Deriving Normal Equation of Linear Regression Model

This article is inspired by an excellent post by Eli Bendersky. Let’s continue with the derivation.

Cost function has been explained in Week 1 and Week 2 of Machine Learning course taught by Andrew Ng. This post tries to explain how to derive normal equation for linear regression with multiple variables. It is a good thing if all readers has studied Week 1 and Week 2 before reading this post.

The cost function of linear regression with multiple variables, $J(\theta)$ is formulated as follows:

\[\begin{equation} J(\theta) = \frac{1}{2m} \sum_{i=1}^{m}{(h_{\theta}(x^{(i)}) - y^{(i)})^2} \tag{1}\label{eq:cost-function} \end{equation}\]

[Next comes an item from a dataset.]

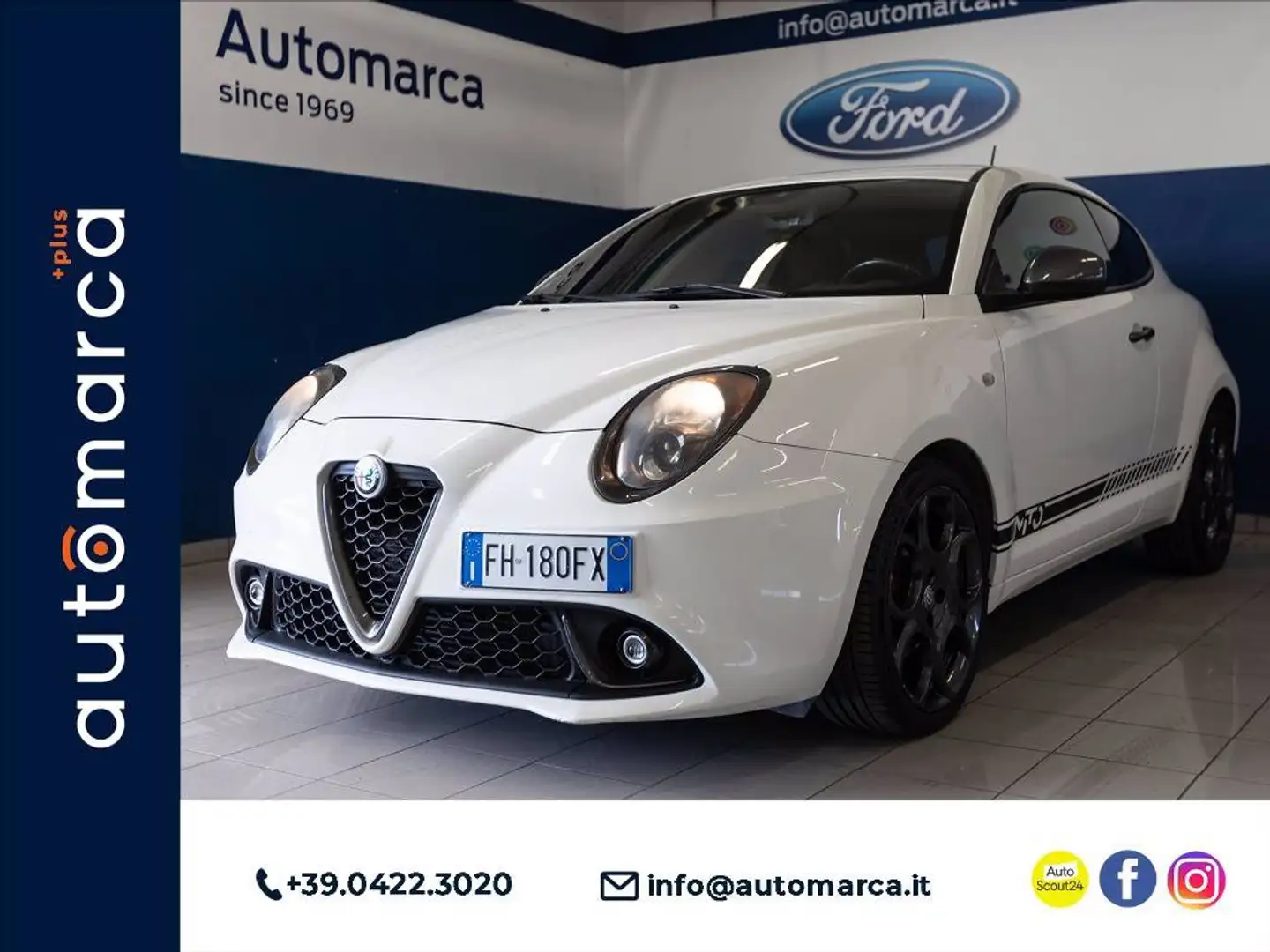 Alfa Romeo MiTo 1.3 jtdm Super 95cv E6 Bianco - 1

with $m$ is number of instances in dataset, $h_{\theta}(x^{(i)})$ is our hyphotesis also known as prediction model for the $i$th instance, and $y^{(i)}$ is true value for the $i$th instance.

We also have studied that

\[\begin{equation} h_{\theta}(x^{(i)}) = \theta_0 + \theta_1 x_1^{(i)} + \cdots + \theta_n x_n^{(i)} \tag{2}\label{eq:the-hyphotesis} \end{equation}\]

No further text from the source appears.